Regular expression

hello,

i try to write a regex since yesterday afternoon, but not sure it could be done with regex as they are built on automata theory and somethings can not be done in this theory.

It is not i'm lazy :smile: , but on this sunny saturday i prefer to be outdoor :slight_smile: than having a headache on regular expressions .

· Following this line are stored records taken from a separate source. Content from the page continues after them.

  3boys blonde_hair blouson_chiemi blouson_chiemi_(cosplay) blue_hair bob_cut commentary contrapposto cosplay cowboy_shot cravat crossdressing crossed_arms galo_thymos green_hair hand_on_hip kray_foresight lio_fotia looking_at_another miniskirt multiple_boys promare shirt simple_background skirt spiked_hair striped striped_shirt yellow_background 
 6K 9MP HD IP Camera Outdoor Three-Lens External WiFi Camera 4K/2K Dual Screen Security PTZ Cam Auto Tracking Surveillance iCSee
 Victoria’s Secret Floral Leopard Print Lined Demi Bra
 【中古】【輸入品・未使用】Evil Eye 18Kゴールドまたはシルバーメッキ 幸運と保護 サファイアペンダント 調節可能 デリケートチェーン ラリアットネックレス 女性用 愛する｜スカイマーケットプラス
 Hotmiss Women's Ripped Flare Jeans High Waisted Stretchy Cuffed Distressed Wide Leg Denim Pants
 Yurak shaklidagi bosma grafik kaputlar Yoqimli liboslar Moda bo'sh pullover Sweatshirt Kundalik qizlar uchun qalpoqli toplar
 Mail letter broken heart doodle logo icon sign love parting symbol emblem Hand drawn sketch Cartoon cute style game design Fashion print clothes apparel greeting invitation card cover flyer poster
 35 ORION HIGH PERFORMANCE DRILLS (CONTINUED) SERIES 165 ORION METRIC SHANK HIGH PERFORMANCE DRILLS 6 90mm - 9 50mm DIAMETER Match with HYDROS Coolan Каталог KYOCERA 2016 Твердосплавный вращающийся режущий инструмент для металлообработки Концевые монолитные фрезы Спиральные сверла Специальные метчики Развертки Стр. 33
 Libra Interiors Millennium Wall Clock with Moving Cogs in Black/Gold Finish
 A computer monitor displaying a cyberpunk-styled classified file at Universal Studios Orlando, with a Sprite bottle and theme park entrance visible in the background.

Then i want to skip, this expression in a Scheme file:

#! /usr/bin/env racket

i thought of something like that for testing:

> (regexp-match #px"^#![[:blank:]]*/[[:alpha:]|/]*racket[[:blank:]]*\n" "#! /usr/local racket\n zut alors un autre racket   \n") 


(regexp-match
 (pregexp "^#![[:blank:]]*/[[:alpha:]|/]*racket[[:blank:]]*\n")
 "#! /usr/local racket\n zut alors un autre racket   \n")
#f

the problem is that i do not want to skip all 'racket' expression as it is the start of a program and racket is a keyword in the module ,see:

#! /usr/bin/env racket

#lang reader SRFI-105

;; interpolate field caller

;; Damien MATTEI

;; export PATH=/Applications/Racket/bin:$PATH

;; TODO: use Makefile

(module interpolate-field-caller racket
	
	(require Scheme+)
		 

	(require setup/dirs)
	(require racket/date)
	(require srfi/13) ; for at least string-contains

	(require xml
		 (except-in 2htdp/batch-io xexpr?)) ; for: read-lines
	
	(display "Scheme+ : interpole_fields") (newline)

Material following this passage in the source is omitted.